Information

National Care Service: factsheet

Information about how we plan to move forward with our National Care Service (NCS) in 2025 and beyond.


Improvements we are making now

Our priority is to make sure everyone in Scotland can access the support they need to thrive.

As part of this model, these are some of the initiatives we are already working on to help us bring about real improvements in people’s experience.

NCS Advisory Board

We are creating a new NCS Advisory Board. This replaces our original plans to legislate to create an NCS National Board as a new public body. We expect the Advisory Board to meet for the first time in March 2025.

Membership of the Advisory Board will include:

  • people who access and deliver support
  • trade unions
  • NHS leadership
  • local councils
  • Integration Joint Boards (IJBs)
  • the third sector
  • Scottish Government representatives

We will ensure that people with lived experience of accessing care or being a carer have a strong voice on the Board and that their interests are at the heart of the Board’s work.  This will be reflected in the choice of Chair for the Board.

We will develop a Support and Improvement Framework, structured like a ladder. Where agreed standards are not being met, this framework will offer progressive and targeted support to those areas to help them improve. The Advisory Board will advise on the best way to do this. 

The Advisory Board will advise on how Ministers might use their existing powers of guidance, direction and funding in cases where agreed standards are still not met after support has been offered. The framework will work alongside a wider support offer available to all local areas. It will help to ensure consistent, fair, high-quality services for everyone.
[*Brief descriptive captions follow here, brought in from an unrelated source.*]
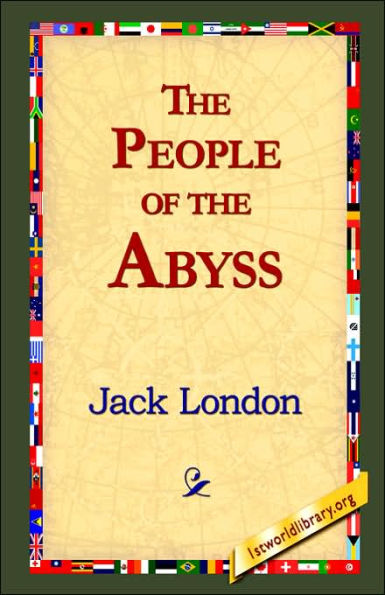 The People of the Abyss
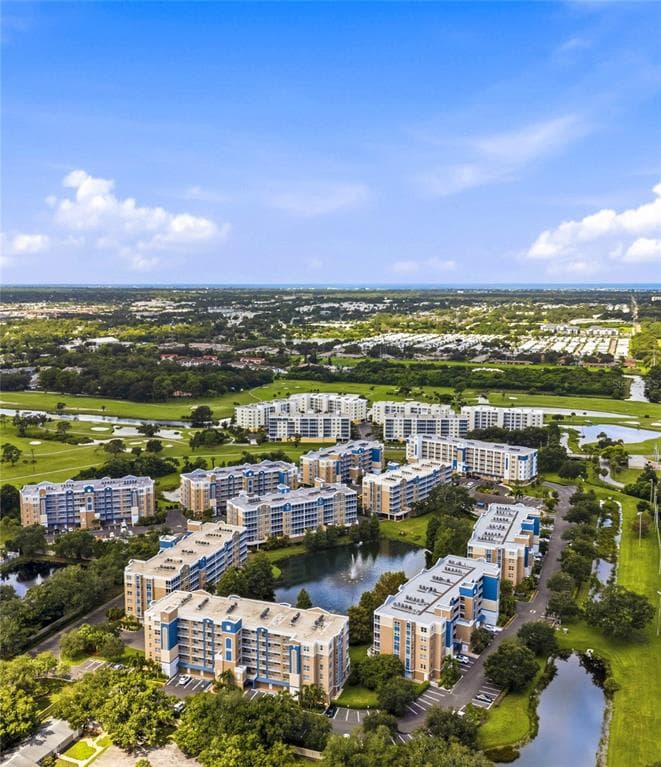 960 STARKEY ROAD UNIT 3501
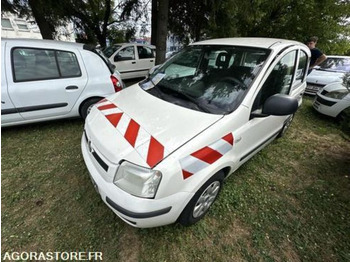 Voiture FIAT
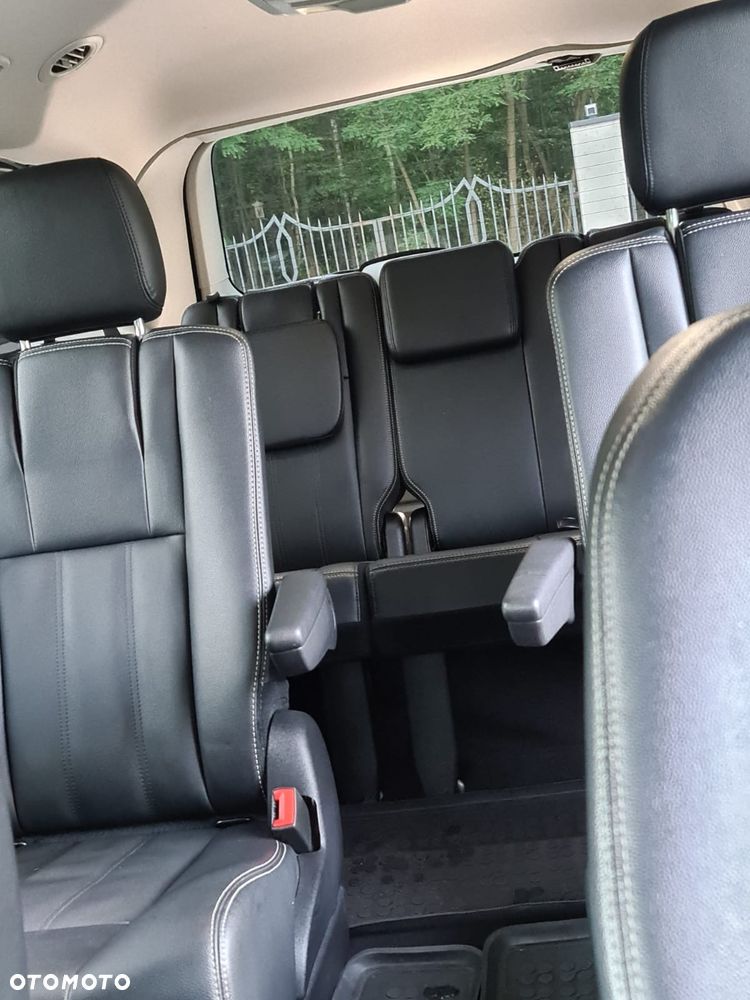 Chrysler Town & Country 3.6 Touring - 15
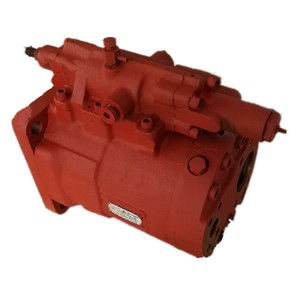 Bomba de Aceite MKV MKV-11H/11ME/23A/23H/33A/33H/33ME, Bomba de Pistones Hidráulicos MKV-11A-RFA-X10-L11 MKV-11H-RFA-P11-Q-11 - Product Image 2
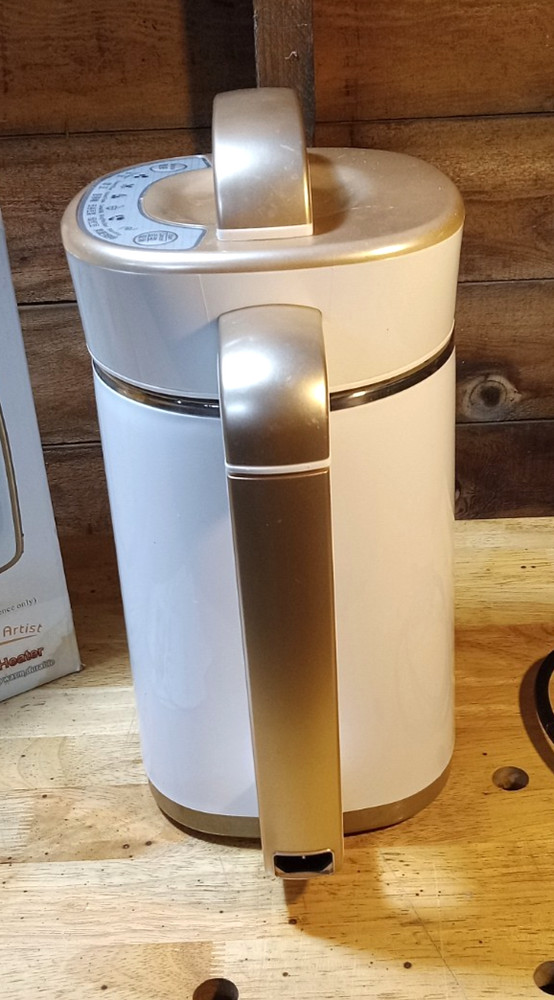 Sonya Soy Milk Maker SYA-19A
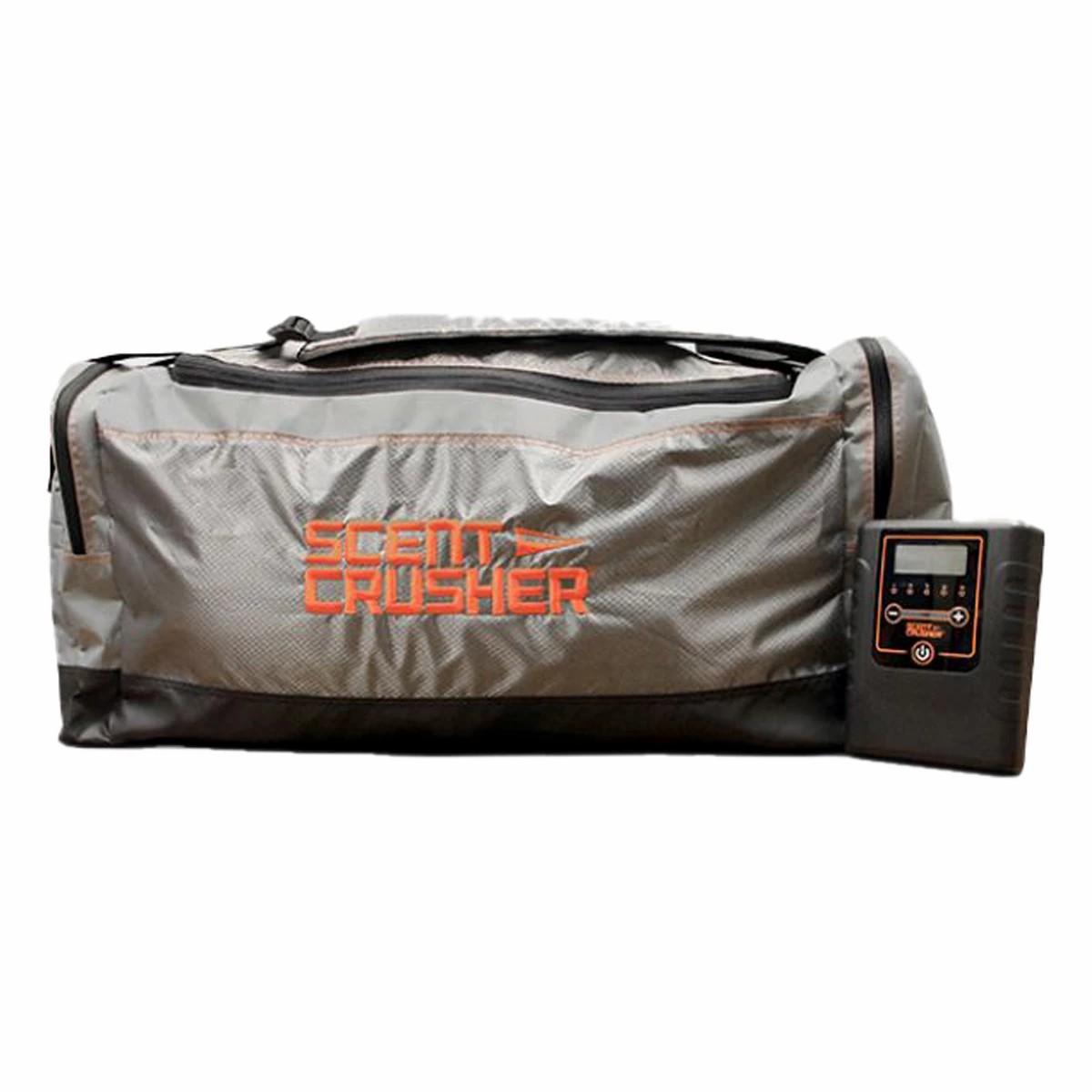 Scent Crusher Standard Gear Bag Hunting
This approach will mean that there is a shared understanding of what “good” looks like. It will also give a systematic, open and transparent approach to tackling problems in local areas quickly, when they first emerge and before they become a crisis.

We will agree the approach with partners and stakeholders, including people with lived experience.
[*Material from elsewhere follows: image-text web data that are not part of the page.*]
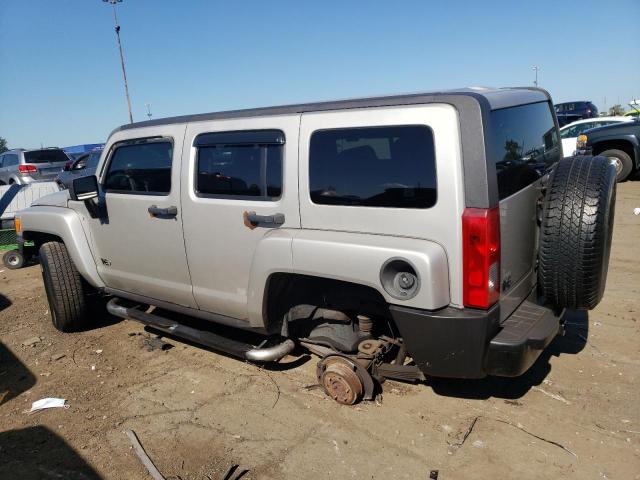 HUMMER H3  2006 1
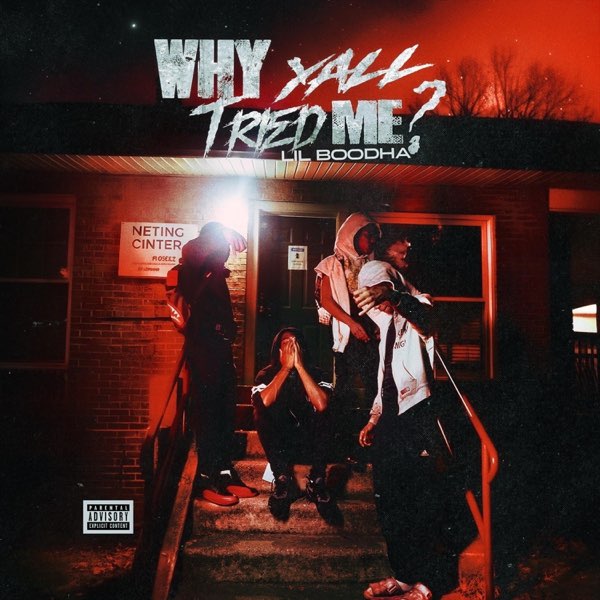 Sexccc - Song by Lil Boodha - Apple Music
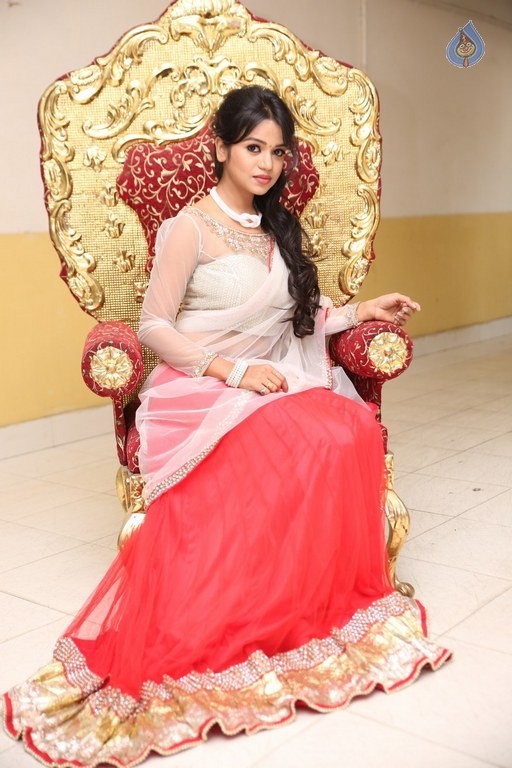 Bhavya Sri New Photos - 7 / 38 photos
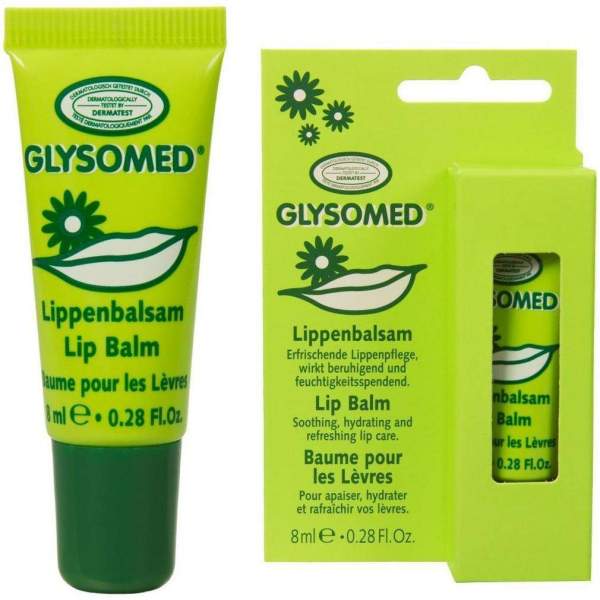Glysomed Lippenbalsam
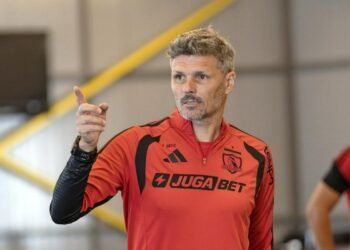 Colo Colo de Fernando Ortiz sigue perdiendo jugadores clave de cara a la temporada 2026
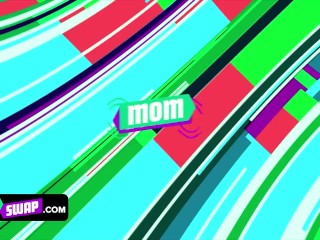 Mom Swap - Strict And Religious Stepmoms Swap Their Naughty Teen Boys To Teach Them A Lesson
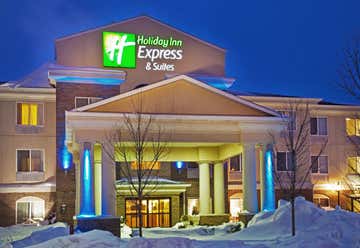 Photo of Holiday Inn Express Hotel & Suites Omaha West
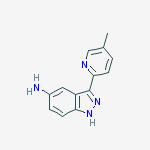 CAS 1356087-96-1 molecular structure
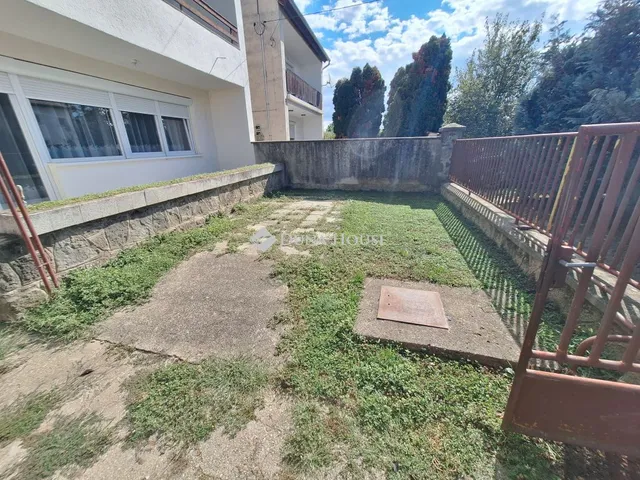 Eladó lakás Sárvár 105 nm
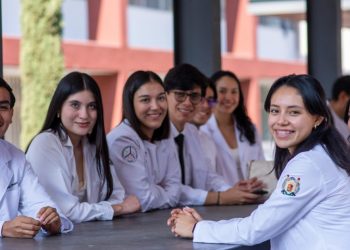 UMSNH lanza curso de preparación para el examen a carreras del área de la Salud; inscripciones abiertas-Morelia Informativo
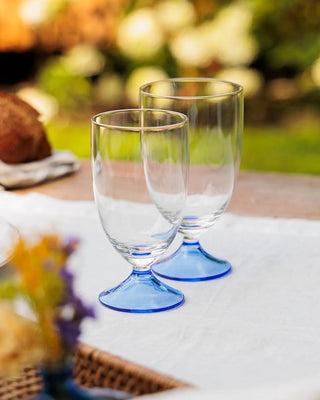 Zafferano Maestro goblet - Buy now on ShopDecor - Discover the best products by ZAFFERANO design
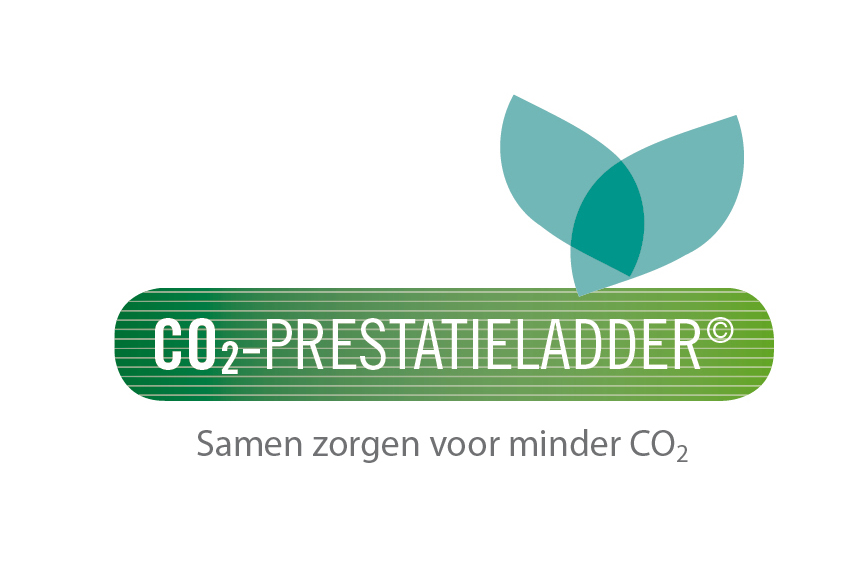 CO2 prestatieladder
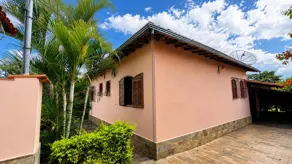 Casa Joá, Lagoa Santa - MG — foto 1
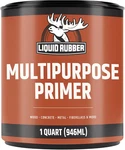 Multi-purpose Primer Use Concrete And Wood, Water-based Non-toxic Fast. Fixed Price $62.99.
There will be scope for the Advisory Board to advise Ministers about national priorities for integrated health and social care services. This could include:

  • delivery of the National Carers Strategy
  • improving support for the workforce and advancing Fair Work
  • delivery of Self-Directed Support

We will also explore how the board will link to existing oversight and governance. This includes around children’s services and justice social work.
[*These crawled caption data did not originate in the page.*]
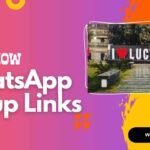 Lucknow WhatsApp Group Links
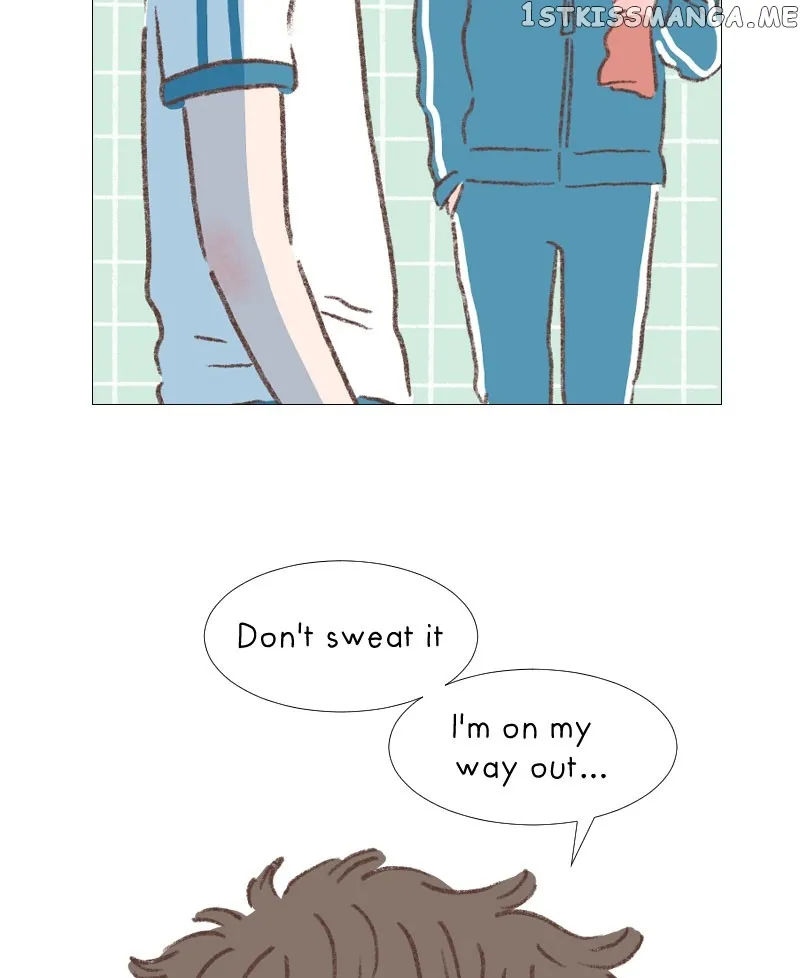 Annie Green Hates Girls Chapter 29 Online - página 64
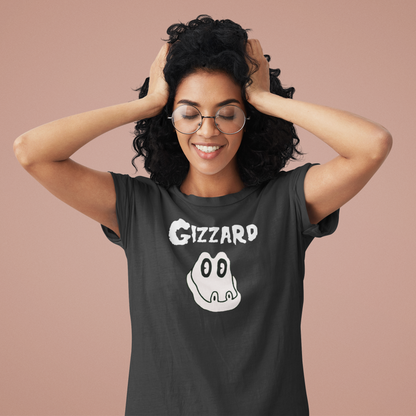 Misfits Ghost- Gizzard Shirt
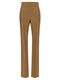 Valentino Garavani Textured Silk Wool Pants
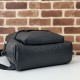 Replica Gucci Medium jumbo GG Men backpack 819065 Black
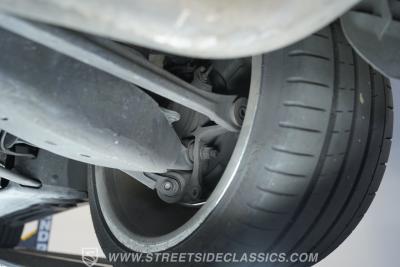 2005 Mercedes - Benz SL65 AMG
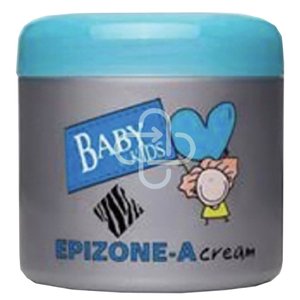 EPIZONE A CREAM 100ML BABY AND KIDS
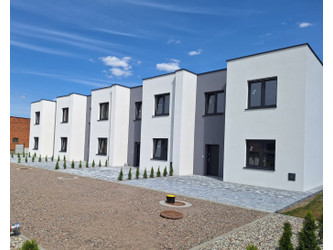 Dom wielkopolskie
śremski
Książ Wielkopolski
Mchy Na sprzedaż 399 000 PLN 85,21 m2 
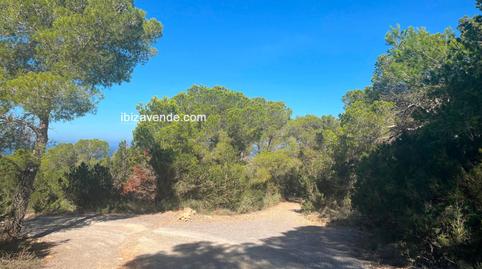 Foto 3 de Terreno en venta en De Cala D'hort, Es Cubells, Sant Josep de sa Talaia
We are prioritising further work to define and deliver the NCS Advisory Board.

It will be important to get the remit and membership of the Board right. We will make sure the right support is available to enable all Board members to take part equally. We will be guided by the outputs from the co-design work we have done over the past year.

 

Further investment

We are investing £88.4 million per year in local carer support through local council Carers Act funding. We will deliver £125 million to enable the funding of the real living wage for our children’s and adult social care workers.  

Our social care and community health services must have a high standard of workforce planning and staff learning, development and leadership support. This will be a priority as the NCS continues to take shape.

We have insisted that the UK Government work to reduce the impact of the rise in employers’ National Insurance payments. We will continue to apply pressure to them to find a solution that works for the care and health sectors.

 

Integration Joint Boards (IJBs)

We will support Highland Council and NHS Highland to move from the lead agency model of integration to the Integration Joint Board (IJB) model within their timescales. IJBs will still be responsible for local planning of services.